Quick fault detection (CLI)

The quick_fault_detector command-line tool runs the complete fault detection pipeline on a CSV file:

load and split data (train / test),
configure a normal-behavior model (optionally optimize hyperparameters),
train the autoencoder and threshold,
predict anomalies on test data,
aggregate anomalies into events,
optionally run ARCANA on each event,
save plots and CSV results to a directory.

Basic usage

quick_fault_detector path/to/train_and_test.csv

Expected CSV format

Internally, the CLI converts your CSV into:

a training sensor_data DataFrame (numeric, wide format), and
a normal_index Series indicating normal behaviour during training, and
a test sensor_data DataFrame used for prediction.

This is done by energy_fault_detector.quick_fault_detection.data_loading.
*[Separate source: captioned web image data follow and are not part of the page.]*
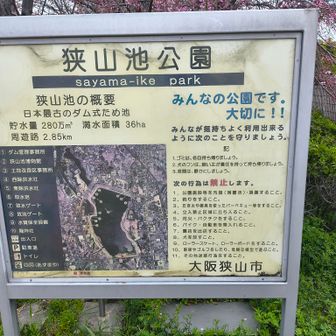 山さん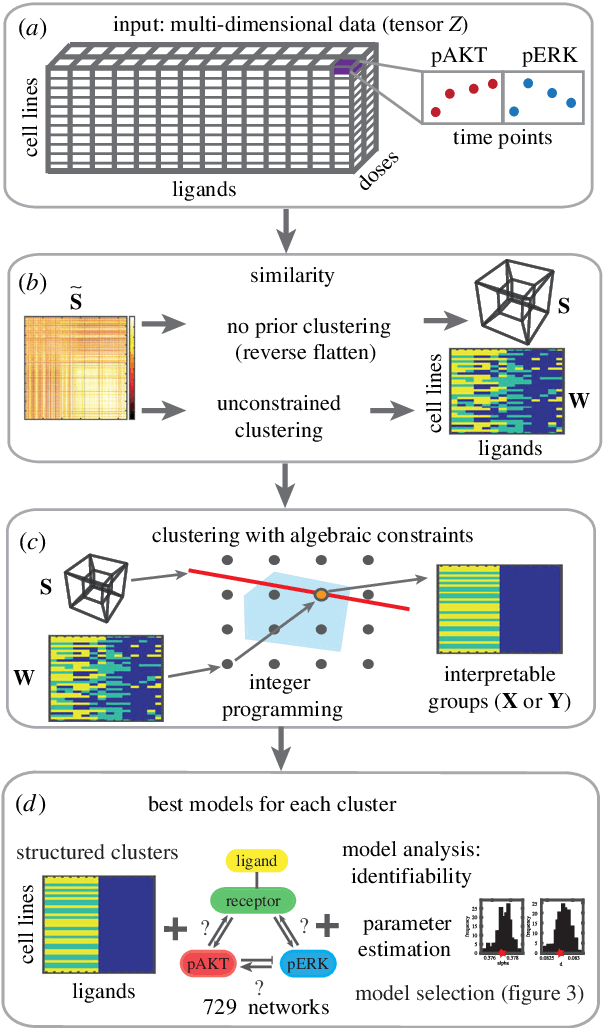 Figure 1 for Tensor clustering with algebraic constraints gives interpretable groups of crosstalk mechanisms in breast cancer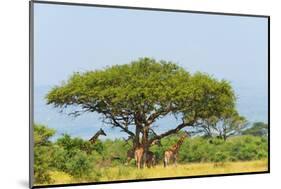 Giraffes under an acacia tree on the savanna, Murchison Falls National park, Uganda-Keren Su-Mounted Photographic Print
Internally, the timestamp column is converted to a DatetimeIndex on the training and test DataFrames before passing them to the models.

Your CSV should contain:

A timestamp column (optional but recommended), e.g. time_stamp
- Parsed to a DatetimeIndex if time_column_name is provided in the options.
- Timestamps are sorted and duplicate rows are dropped upstream by the user if needed.
An optional train/test column, e.g. train_test
- If train_test_column_name is given, it is converted to a boolean mask (True = training, False = test).
- If the column is not already boolean, the mapping in train_test_mapping is applied.
An optional status column, e.g. status or status_type_id
- If status_data_column_name is given, it is converted to a boolean mask (True = normal, False = non‑normal / faulty / maintenance).
- If the column is not boolean, the mapping in status_mapping is applied.
- This becomes the normal_index used for training.
- If no status column is provided, all training samples are assumed normal, and a warning is logged.
All other columns are treated as sensor features:
- Numeric columns are used directly.
- Non‑numeric columns that can be cast to numeric are converted (e.g. strings of numbers).
- Remaining non‑numeric columns are ignored for the model input.

Conceptually:

Training data: rows where the train/test mask is True (or all rows if no split is provided).
Test data: rows where the train/test mask is False, plus any separate test file provided via csv_test_data_path (these are concatenated).

Example layout:

time_stamp,train_test,status,power,wind_speed,pitch,asset_id
2024-01-01 00:00:00,train,production,  500,  7.3,  2.0, 1234
2024-01-01 00:10:00,train,production,  520,  7.5,  2.1, 1234
2024-01-02 00:00:00,prediction,error,  100,  3.0, 15.0, 1234

With an options YAML like:

time_column_name: "time_stamp"
train_test_column_name: "train_test"
train_test_mapping:
  train: true
  prediction: false
status_data_column_name: "status"
status_mapping:
  production: true
  service: false
  error: false

Options

You can pass an options YAML file to control how data is interpreted:

quick_fault_detector path/to/data.csv --options path/to/options.yaml

The options are defined in energy_fault_detector.main and correspond to the Options dataclass. An example options file:

csv_test_data_path: "path/to/separate_test.csv"
train_test_column_name: "train_test"      # True = training data
train_test_mapping:                       # mapping if train test column is not boolean
  train: true
  prediction: false
time_column_name: "time_stamp"
status_data_column_name: "status"        # True = normal behaviour
status_mapping:                          # mapping if status column is not boolean
  production: true
  service: false
  error: false
status_label_confidence_percentage: 0.95
min_anomaly_length: 18
features_to_exclude:
  - do_not_use_this_feature
angle_features:
  - wind_direction
automatic_optimization: true
enable_debug_plots: false

The underlying helper functions are implemented in:

energy_fault_detector.quick_fault_detection.data_loading
energy_fault_detector.quick_fault_detection.configuration
energy_fault_detector.quick_fault_detection.pipeline

Output

The CLI writes:

a combined results figure results.png,
CSV files for FaultDetectionResult via FaultDetectionResult.save(),
an events.csv file with aggregated anomaly events.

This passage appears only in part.